++++ Records for the exercise

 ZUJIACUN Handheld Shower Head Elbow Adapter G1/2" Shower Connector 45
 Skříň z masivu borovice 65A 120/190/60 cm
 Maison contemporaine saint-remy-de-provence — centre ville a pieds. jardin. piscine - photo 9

++++++++
++++ Records for the exercise

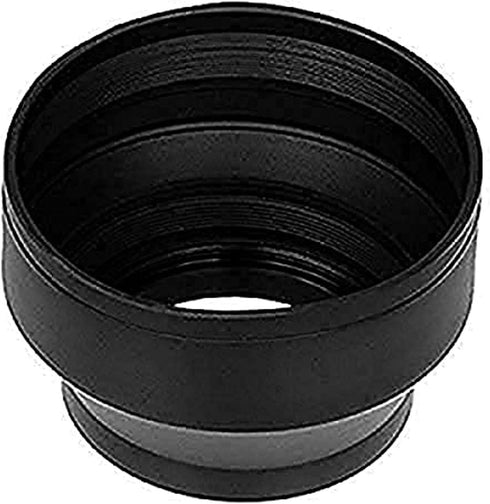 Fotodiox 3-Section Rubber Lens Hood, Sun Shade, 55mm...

++++++++

**What to work on**
Give back precisely the lines above that start at the line containing "ZUJIACUN Handheld Shower" and end at the line containing "Maison contemporaine saint-remy-de-provence", inclusive. No other lines belong in the output.

**Solution**
 ZUJIACUN Handheld Shower Head Elbow Adapter G1/2" Shower Connector 45
 Skříň z masivu borovice 65A 120/190/60 cm
 Maison contemporaine saint-remy-de-provence — centre ville a pieds. jardin. piscine - photo 9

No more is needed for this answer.